RAW DATA:
==============================

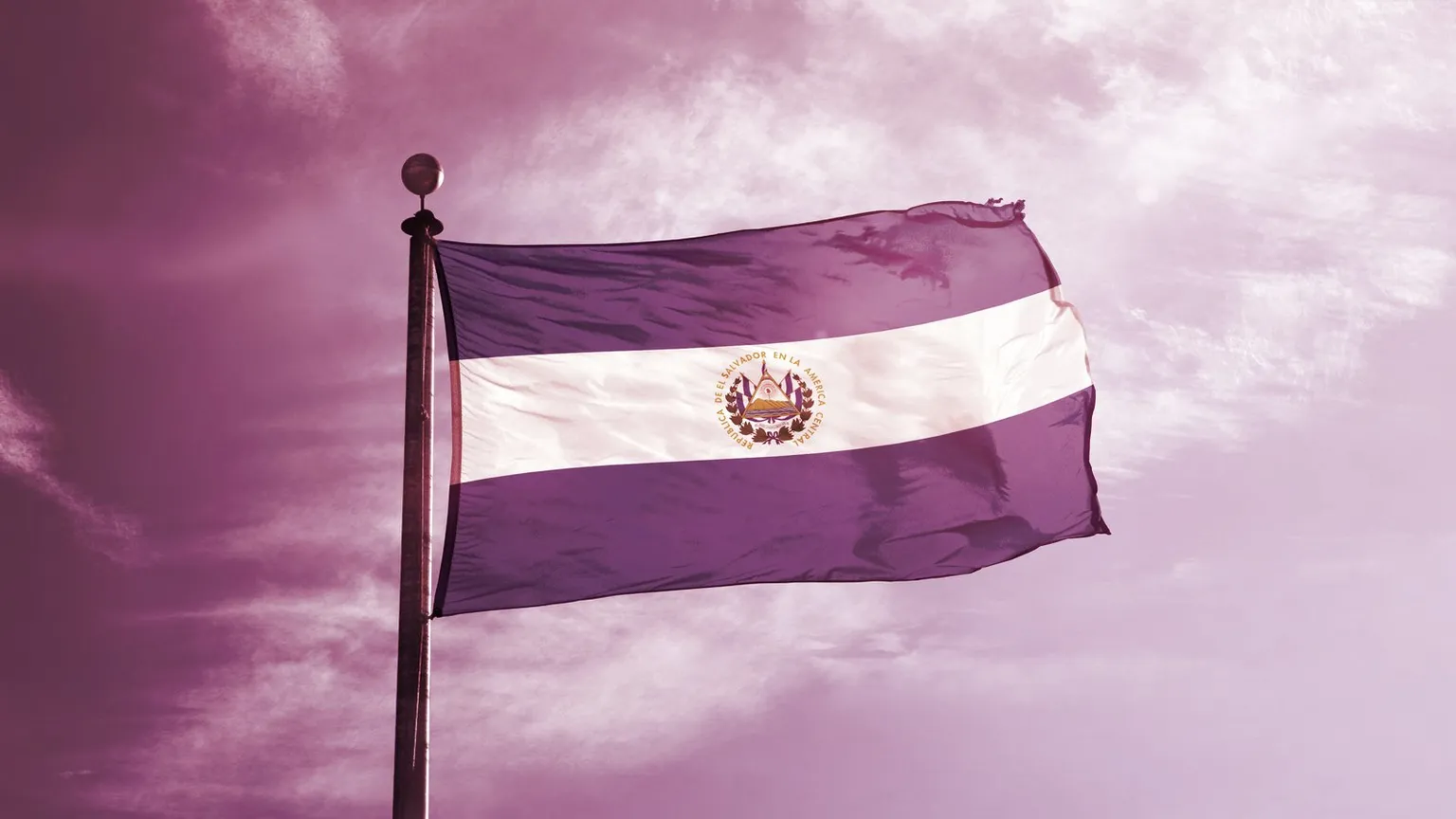El Salvador Flag on the mast. Image: Shutterstock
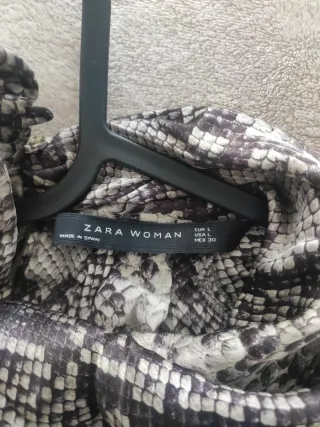 Blusa manga corta con estampado de serpiente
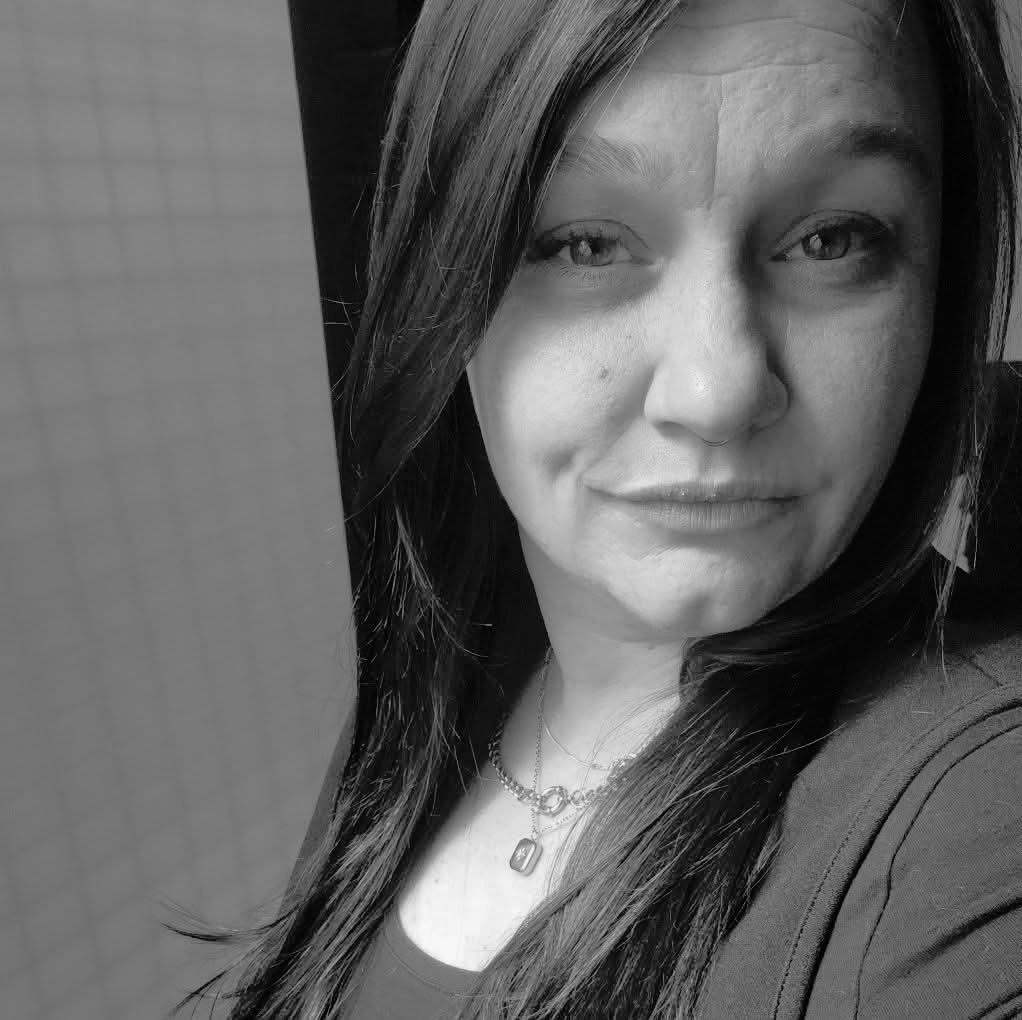 Beauty Therapist /Nail Technician – Lana : Beauty Therapist /Nail Technician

==============================

WORK ITEM: Pictures in the data above should not be copied; transcribe everything else exactly.

ANSWER AREA:
El Salvador Flag on the mast. Image: Shutterstock
 Blusa manga corta con estampado de serpiente
 Beauty Therapist /Nail Technician – Lana : Beauty Therapist /Nail Technician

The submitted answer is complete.